WHAT THE TASK REQUIRES — Your response should be every line from the entries that includes the string "Chapter".

EXTRACTED MATERIAL —
+===+

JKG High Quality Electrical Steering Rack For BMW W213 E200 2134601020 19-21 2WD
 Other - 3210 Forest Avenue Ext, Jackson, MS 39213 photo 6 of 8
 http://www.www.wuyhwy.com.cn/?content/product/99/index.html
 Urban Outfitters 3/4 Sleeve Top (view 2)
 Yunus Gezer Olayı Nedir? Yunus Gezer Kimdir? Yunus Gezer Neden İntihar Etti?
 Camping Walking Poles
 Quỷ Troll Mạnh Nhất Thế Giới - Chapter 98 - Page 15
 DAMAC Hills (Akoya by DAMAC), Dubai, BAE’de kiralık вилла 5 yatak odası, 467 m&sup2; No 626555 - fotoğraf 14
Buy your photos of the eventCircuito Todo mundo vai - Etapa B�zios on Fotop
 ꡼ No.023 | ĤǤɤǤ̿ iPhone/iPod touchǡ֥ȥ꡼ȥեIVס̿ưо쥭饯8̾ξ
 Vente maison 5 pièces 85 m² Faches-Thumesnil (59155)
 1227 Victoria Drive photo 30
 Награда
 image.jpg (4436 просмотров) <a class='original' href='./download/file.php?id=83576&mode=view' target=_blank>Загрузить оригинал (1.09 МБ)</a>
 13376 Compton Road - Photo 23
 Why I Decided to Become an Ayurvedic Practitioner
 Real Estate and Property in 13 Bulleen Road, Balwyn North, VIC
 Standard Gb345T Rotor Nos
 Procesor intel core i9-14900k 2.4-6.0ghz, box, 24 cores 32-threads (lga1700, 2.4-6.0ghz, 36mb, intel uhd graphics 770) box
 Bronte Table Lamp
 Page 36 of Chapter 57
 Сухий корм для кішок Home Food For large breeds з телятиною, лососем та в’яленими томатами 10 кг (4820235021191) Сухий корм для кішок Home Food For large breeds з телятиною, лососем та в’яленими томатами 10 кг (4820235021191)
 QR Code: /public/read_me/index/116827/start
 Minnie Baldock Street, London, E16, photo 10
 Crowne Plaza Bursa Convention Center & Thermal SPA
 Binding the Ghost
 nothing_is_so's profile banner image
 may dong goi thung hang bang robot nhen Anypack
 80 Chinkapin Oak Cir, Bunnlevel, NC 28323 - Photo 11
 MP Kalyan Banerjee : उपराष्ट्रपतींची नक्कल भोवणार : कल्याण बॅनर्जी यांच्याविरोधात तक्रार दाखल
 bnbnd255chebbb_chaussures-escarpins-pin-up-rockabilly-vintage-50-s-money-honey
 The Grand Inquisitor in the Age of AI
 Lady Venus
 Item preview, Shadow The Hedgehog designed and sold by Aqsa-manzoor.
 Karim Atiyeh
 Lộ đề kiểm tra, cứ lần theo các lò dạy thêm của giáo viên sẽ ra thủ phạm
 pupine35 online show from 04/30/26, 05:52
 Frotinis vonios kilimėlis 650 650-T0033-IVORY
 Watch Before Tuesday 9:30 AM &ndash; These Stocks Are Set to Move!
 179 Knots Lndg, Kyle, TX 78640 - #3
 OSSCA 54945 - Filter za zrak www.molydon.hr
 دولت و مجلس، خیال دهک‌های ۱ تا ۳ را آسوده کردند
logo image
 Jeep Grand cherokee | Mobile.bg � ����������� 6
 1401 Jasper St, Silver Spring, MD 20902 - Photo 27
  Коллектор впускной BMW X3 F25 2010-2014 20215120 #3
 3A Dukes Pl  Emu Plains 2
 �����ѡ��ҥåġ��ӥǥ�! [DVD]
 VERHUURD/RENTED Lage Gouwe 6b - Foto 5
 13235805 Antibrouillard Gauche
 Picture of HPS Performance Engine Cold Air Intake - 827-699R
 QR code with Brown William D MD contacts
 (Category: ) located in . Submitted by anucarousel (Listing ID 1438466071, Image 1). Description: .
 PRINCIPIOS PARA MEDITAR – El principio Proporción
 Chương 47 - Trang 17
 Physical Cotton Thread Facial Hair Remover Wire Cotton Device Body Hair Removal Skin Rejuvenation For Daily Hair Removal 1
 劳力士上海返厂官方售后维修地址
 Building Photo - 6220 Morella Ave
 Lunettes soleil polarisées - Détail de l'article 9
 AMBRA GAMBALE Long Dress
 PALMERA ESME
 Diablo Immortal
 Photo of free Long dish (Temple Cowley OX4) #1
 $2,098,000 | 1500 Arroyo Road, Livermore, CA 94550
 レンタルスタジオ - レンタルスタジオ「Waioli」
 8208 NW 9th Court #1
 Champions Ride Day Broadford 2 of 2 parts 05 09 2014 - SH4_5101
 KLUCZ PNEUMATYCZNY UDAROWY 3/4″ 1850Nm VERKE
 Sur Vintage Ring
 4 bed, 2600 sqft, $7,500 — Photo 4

+===+

TASK RESULT —
 Quỷ Troll Mạnh Nhất Thế Giới - Chapter 98 - Page 15
 Page 36 of Chapter 57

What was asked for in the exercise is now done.